_WHAT YOU ARE ASKED TO DO_: Output each line of the data word for word, from the first through the line that holds "RUSSIA 1992 Nature", and leave off whatever follows.

### THE DATA ###

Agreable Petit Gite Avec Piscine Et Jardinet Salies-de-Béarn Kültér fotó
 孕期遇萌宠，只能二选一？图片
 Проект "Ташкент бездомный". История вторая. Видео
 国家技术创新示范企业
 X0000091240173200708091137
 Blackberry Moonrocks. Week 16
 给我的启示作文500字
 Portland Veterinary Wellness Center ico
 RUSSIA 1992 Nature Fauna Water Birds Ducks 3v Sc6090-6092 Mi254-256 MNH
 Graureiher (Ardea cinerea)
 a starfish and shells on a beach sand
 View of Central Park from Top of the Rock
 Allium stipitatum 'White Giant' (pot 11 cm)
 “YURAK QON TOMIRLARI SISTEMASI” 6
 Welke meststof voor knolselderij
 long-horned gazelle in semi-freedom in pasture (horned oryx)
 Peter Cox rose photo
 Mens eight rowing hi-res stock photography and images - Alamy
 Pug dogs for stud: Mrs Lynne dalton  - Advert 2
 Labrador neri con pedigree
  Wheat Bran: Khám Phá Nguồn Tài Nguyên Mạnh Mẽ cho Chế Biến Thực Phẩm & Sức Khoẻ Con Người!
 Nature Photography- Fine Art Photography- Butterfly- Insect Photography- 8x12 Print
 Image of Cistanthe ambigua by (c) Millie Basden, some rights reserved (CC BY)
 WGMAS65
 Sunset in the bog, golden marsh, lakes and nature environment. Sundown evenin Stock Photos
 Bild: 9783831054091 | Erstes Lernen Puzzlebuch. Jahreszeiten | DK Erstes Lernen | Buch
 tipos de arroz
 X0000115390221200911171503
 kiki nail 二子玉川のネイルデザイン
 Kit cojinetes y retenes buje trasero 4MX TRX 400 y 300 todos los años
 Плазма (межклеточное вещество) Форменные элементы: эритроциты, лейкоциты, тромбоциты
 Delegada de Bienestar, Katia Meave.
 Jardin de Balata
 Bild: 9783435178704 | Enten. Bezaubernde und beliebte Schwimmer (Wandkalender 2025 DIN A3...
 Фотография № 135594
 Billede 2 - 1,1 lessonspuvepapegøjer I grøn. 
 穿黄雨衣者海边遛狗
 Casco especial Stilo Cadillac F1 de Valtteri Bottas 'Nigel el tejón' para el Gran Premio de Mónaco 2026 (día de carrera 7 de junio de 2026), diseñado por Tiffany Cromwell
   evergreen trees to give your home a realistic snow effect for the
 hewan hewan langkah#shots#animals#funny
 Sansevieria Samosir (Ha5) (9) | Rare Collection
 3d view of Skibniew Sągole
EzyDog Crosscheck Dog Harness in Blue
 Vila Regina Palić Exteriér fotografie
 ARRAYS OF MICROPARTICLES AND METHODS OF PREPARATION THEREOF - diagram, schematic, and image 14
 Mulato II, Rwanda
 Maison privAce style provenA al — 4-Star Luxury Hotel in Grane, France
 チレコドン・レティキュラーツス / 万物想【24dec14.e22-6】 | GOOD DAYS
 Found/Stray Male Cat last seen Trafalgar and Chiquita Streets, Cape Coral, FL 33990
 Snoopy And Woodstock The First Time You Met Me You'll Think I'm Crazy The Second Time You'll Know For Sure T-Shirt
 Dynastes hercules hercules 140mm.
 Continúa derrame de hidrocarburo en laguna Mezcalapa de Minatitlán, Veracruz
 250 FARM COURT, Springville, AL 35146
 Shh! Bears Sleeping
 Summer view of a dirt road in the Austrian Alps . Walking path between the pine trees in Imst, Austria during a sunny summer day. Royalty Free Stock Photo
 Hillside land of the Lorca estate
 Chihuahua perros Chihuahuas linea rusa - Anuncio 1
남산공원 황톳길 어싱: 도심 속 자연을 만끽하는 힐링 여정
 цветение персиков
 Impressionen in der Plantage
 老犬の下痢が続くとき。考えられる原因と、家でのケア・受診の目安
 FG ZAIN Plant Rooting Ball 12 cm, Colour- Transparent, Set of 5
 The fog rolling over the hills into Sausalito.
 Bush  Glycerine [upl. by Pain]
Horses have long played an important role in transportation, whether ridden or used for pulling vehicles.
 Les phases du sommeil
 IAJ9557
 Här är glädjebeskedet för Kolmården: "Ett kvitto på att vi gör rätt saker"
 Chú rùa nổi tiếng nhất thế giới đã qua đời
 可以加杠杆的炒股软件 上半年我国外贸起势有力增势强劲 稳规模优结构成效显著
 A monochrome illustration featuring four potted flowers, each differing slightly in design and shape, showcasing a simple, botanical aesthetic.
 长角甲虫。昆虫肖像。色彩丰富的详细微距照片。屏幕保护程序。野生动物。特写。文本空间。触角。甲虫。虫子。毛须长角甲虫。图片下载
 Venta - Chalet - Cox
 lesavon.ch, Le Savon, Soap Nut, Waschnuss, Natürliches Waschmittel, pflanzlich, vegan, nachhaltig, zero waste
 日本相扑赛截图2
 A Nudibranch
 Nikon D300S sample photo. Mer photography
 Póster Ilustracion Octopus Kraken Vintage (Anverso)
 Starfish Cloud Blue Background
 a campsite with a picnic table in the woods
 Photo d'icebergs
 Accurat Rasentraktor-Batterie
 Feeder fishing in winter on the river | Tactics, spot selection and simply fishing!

###

_THE ANSWER_:
Agreable Petit Gite Avec Piscine Et Jardinet Salies-de-Béarn Kültér fotó
 孕期遇萌宠，只能二选一？图片
 Проект "Ташкент бездомный". История вторая. Видео
 国家技术创新示范企业
 X0000091240173200708091137
 Blackberry Moonrocks. Week 16
 给我的启示作文500字
 Portland Veterinary Wellness Center ico
 RUSSIA 1992 Nature Fauna Water Birds Ducks 3v Sc6090-6092 Mi254-256 MNH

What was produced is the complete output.